I’m noticing that love and death are two themes that prevail throughout the narrative presented in Mahoutsukai no Yome. Be it with Chise or anyone specific to a particular arc, character development seems to largely center around these themes.
In the case of Chise, love and death have been brought up to her quite a lot at this point but I think it’ll be a while until they fully resonate with her on a personal level. The two sorcerers, Renfred and Alice, reveal to Chise about the short life span of a Sleigh Beggy but this ultimately doesn’t elicit much concern from the Sleigh Beggy herself. Granted, Chise is prioritizing the blight above her own problem but when she does think about her impending death, she doesn’t seem too afraid about it. There’s been plenty of hints in past episodes that suggest that Chise might be suicidal and when she ponders about how much time she has left, she seems a bit too calm about it. Meanwhile, Chise sticks with Elias over being set “free” by the sorcerers but I doubt it’s because she’s in love with him. There’s definitely gratitude, loyalty, and attachment in this relationship but it has a long way to go in becoming romantic. And that’s saying something since Chise is supposedly engaged to Elias and these errands they’re on apparently serve as their honeymoon.

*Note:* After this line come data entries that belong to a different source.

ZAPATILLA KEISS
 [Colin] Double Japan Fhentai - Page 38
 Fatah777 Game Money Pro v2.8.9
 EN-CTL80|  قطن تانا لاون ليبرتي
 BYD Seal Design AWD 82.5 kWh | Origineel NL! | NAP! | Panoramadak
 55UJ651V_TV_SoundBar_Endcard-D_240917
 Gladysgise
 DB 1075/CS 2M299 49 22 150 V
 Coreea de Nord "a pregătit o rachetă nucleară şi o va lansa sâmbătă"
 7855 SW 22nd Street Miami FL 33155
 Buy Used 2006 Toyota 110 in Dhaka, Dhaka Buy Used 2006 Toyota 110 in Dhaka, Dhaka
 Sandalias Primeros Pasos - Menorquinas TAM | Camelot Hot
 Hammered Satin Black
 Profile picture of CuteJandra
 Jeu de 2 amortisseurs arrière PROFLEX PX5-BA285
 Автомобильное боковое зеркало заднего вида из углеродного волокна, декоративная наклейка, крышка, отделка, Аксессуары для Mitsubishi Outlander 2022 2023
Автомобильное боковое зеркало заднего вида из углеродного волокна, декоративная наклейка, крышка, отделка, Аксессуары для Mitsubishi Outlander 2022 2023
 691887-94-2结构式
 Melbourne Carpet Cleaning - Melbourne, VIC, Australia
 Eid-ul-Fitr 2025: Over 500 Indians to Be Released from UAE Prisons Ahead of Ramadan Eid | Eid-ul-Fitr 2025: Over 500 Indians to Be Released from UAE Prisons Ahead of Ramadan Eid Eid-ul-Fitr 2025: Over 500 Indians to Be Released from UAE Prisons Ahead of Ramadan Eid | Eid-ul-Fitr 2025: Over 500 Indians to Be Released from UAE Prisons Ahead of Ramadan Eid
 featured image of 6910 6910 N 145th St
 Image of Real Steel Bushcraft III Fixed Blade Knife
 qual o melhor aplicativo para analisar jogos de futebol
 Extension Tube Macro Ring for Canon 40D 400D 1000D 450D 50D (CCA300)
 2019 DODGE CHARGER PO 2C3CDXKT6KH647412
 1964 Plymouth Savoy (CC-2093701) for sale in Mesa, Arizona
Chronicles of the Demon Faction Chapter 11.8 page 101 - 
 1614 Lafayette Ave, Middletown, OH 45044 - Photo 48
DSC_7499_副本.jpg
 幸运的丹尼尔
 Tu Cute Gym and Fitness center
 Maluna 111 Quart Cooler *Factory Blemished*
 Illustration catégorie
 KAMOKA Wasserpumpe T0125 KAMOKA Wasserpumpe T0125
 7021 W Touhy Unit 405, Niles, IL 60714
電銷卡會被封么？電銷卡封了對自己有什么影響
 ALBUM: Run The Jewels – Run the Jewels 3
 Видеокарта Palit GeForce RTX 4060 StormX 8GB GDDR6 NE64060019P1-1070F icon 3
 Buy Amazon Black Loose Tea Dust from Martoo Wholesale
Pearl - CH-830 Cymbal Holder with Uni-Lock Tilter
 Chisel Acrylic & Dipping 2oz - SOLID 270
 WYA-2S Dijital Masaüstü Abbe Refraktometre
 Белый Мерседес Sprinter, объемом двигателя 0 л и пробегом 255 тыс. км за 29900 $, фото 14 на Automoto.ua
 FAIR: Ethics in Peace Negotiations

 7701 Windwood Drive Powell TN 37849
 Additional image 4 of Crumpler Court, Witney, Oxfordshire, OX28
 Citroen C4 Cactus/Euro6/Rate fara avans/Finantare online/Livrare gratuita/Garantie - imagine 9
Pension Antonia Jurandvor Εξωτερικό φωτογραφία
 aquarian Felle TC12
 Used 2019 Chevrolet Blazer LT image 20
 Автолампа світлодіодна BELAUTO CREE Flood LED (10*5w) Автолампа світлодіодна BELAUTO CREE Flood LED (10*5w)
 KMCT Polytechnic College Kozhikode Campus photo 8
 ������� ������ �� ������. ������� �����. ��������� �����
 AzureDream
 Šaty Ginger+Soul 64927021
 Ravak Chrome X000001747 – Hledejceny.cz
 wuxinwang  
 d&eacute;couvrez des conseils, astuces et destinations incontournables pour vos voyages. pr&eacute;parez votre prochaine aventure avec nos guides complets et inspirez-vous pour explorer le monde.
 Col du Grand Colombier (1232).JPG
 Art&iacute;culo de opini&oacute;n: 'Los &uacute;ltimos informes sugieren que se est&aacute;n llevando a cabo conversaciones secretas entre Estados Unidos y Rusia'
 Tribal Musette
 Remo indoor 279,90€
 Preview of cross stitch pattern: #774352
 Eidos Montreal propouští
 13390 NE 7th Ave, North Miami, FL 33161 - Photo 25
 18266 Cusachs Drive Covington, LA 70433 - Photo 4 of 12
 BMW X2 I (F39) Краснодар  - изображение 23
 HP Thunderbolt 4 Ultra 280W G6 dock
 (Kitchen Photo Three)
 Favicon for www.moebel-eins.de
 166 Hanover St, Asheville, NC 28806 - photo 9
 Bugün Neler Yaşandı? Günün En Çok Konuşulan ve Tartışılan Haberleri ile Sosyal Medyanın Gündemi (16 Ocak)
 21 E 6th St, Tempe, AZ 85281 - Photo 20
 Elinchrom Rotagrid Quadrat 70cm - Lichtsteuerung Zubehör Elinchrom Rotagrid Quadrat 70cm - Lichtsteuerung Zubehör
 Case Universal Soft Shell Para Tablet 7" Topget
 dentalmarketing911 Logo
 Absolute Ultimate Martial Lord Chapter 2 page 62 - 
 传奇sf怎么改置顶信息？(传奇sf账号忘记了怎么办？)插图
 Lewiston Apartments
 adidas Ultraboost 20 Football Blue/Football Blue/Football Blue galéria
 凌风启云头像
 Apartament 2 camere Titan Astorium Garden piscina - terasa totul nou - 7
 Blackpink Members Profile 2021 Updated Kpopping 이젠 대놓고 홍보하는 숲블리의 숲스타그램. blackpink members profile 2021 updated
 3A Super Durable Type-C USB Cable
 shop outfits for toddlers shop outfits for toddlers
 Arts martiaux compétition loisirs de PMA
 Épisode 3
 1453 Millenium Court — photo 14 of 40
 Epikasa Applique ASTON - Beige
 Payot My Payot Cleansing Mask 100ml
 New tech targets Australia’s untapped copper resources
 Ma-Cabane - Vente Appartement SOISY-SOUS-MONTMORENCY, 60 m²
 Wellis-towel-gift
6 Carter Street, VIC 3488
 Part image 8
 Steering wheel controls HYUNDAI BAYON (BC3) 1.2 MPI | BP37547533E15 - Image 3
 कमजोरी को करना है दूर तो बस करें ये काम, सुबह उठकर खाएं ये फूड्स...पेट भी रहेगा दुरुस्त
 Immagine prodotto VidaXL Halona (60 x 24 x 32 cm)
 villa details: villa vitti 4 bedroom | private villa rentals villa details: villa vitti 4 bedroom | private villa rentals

Meanwhile, the subplot surrounding Mina and Matthew fully embraces the concepts of love and death. What we have here is a young couple whose lives were cut short because their love for each other was taken advantage by a sorcerer. I had suspected that Matthew was the cat killer but his motive isn’t strictly speaking heartless. If anything, the man committed such an atrocity because he loves Mina so much. We could discuss the morality of his actions all we want and I’m sure that there’s plenty of talk about it on the forums. If you ask me, I think Matthew got what he deserved even though it is sad that he meant well and the potion ended up killing Mina instead of curing her. What interests me a little more is the fact that this early in Mahoutsukai no Yome, we’re given an example about how love can be twisted into a powerfully sinister motive and how it can lead to death. That has me wondering what kind of stance this anime aims to take in regards to its themes. Is love going to be presented as something noble or something dangerous? Is it a force that keeps someone going or is it something to die for? It’s definitely something to think about.
Considering the themes, it’s awfully fitting that Chise is the one who purifies the blight. Her own personal affinity towards love and death aside, I get the impression that she values what those concepts mean to others. She hesitates to erase Mina and Matthew from existence because doing so would undermine what they had lived and died for. Even Molly’s offer of sacrificing herself for the ritual was a big no-no for Chise because she knows how much the king cares about her owner. Opting to instead let Mina and Matthew move onto the afterlife doesn’t come across as a cop-out (frankly, it seems like a pretty obvious alternative) but it’s completely in line with how Chise respects people’s own values on their lives and their love for others. Maybe, as Chise continues to fulfill tasks like this, she’ll develop more self-worth towards her own life and care more about the people in her life.